## Assignment
The records sit below. Return every line in them that holds the word "girl".

## Data under study

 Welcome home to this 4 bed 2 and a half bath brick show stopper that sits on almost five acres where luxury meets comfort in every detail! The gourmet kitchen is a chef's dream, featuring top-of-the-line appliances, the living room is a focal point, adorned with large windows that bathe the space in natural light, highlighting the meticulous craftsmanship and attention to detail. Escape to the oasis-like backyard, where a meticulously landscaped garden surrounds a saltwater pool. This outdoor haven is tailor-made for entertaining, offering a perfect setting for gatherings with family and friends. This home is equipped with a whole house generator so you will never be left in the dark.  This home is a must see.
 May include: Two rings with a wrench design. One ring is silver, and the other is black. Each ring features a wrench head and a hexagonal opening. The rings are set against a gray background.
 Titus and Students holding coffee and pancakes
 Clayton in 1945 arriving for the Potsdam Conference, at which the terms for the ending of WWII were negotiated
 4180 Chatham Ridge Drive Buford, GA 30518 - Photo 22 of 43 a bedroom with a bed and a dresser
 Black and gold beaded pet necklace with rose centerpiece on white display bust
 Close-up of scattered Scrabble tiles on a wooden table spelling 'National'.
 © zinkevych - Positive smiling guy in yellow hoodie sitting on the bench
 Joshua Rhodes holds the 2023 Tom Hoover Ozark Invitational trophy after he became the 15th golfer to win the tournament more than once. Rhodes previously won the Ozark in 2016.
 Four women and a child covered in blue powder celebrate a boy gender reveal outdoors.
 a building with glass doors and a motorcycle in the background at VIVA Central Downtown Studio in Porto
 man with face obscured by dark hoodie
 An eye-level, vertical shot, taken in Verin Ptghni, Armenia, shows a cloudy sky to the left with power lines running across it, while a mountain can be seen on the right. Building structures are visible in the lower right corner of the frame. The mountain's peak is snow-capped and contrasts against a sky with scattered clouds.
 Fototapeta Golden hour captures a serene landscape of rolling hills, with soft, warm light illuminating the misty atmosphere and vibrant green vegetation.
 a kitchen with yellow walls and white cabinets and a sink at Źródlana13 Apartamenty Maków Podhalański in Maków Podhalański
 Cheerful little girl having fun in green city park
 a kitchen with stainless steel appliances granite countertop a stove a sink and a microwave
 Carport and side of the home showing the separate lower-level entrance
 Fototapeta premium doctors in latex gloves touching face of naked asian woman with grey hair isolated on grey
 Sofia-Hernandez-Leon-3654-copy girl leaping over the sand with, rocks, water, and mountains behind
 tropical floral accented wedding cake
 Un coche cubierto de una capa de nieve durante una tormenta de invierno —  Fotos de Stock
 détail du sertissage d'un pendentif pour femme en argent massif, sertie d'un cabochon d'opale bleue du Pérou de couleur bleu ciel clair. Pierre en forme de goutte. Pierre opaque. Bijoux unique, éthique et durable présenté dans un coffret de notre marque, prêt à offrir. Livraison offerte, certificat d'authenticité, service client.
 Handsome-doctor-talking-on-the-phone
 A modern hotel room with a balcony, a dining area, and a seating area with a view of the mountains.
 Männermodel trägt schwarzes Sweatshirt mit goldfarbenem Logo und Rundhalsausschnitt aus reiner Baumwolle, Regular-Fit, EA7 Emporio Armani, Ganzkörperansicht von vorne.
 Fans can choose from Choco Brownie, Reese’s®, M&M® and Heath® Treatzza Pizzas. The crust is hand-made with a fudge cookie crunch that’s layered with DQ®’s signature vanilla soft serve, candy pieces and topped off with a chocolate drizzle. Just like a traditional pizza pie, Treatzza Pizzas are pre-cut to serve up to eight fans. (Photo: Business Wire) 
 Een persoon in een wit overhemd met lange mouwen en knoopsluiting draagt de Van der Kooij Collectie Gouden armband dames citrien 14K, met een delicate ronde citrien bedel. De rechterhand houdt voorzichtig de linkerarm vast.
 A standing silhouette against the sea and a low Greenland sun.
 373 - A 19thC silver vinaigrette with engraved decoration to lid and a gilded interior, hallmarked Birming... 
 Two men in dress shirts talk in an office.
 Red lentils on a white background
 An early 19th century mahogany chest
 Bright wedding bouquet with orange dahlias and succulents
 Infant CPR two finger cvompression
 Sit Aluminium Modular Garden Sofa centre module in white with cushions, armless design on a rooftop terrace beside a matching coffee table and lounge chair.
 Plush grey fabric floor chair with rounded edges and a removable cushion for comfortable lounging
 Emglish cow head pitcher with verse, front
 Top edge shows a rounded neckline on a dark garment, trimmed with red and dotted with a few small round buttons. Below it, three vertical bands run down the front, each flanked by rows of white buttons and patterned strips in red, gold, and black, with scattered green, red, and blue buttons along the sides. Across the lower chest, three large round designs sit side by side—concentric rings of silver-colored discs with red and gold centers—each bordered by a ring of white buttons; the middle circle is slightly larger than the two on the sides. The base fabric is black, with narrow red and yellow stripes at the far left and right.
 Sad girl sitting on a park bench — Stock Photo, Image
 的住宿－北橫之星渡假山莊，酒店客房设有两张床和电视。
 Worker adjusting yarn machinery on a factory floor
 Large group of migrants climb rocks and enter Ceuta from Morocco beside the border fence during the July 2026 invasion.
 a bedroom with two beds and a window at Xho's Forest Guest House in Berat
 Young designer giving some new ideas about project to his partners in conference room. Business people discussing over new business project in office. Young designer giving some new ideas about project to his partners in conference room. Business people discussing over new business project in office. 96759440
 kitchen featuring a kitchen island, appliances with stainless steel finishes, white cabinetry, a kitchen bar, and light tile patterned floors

## Finished exercise
 Cheerful little girl having fun in green city park
 Sofia-Hernandez-Leon-3654-copy girl leaping over the sand with, rocks, water, and mountains behind
 Sad girl sitting on a park bench — Stock Photo, Image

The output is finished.